Yes, at one point I ran my own prosody jabber/xmpp server and regularly chatted through it with friends who were gchat users. Even had presence (idle , busy, etc) support! It worked amazingly.
First they killed federation, then they killed xmpp support entirely.
- XMPP clients usually suck in that area, in my opinion.
what do you use for irc? at least irssi and adium do irc and xmpp, i'm sure others do too.
If someone with high profile (GTalk? Facebook Chat?) would build a product based on this protocol, it would boost the adoption tremendously. On the other hand, as I stated a couple of days earlier in another XMPP discussion: As long as Google or Facebook are not supporting federation, they are not really supporting the core feature of XMPP in my book.
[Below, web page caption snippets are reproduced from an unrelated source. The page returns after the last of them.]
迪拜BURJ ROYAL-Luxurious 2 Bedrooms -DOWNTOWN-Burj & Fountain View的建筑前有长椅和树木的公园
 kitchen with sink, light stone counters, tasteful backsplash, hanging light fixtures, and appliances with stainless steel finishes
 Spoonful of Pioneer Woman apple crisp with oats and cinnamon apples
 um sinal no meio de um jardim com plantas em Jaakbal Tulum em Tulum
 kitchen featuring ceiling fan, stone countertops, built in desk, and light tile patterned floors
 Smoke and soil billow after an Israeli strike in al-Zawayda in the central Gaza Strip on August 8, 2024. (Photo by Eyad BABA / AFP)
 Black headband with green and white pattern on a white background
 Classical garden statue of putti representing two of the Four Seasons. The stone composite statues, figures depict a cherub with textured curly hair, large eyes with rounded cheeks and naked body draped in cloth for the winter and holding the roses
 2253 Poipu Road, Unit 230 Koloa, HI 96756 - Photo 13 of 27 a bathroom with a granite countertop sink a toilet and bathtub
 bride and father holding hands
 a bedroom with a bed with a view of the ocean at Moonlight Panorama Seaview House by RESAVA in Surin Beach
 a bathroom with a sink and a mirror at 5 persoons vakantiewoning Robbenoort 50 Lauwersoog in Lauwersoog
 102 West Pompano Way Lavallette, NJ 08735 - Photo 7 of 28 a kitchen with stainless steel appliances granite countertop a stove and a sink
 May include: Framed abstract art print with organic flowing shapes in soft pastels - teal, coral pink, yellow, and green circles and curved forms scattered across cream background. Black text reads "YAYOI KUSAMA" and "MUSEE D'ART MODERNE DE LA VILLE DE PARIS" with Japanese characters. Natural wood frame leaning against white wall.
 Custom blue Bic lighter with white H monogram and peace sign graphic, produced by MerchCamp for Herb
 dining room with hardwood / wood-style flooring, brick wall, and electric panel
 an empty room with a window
huh? google chat does have xmpp federation. i run my own jabber server and talk to a bunch of people that use google chat through the web interface or a jabber client.
I don't use XMPP since the Google talk era, how are the available servers nowadays? Does they support federation, meaning that users from different servers can talk to each other?
Are we talking about the same thing? XMPP federation? If I've got an account on jabber.org or run ejabberd on my domain, I can add you@yourGAppsDomain.com as buddy, see your presence and can message you, without caring about the server your account is local to?
Yeah I remember this! I used to use it with pidgin, as I mentioned in another comment on this thread.
Google talk used to use xmpp as well back in the good old days, and there's maybe even some more!
It'd be nice if open source projects where to culturally make it a norm to use xmpp instead of slack, discord, and the like, sort of how everything used to be run over IRC in the even better old days!
Although most of my friends prefer Matrix these days, XMPP is still my favorite way of chatting. You can easily run your own Prosody instance [1] on a $5/month VPS and have a very modern chat experience - offline messages, syncing between devices, OMEMO end-to-end encryption, group chats, push notifications, HTTP file upload, etc. My wife and I use it for all our communications.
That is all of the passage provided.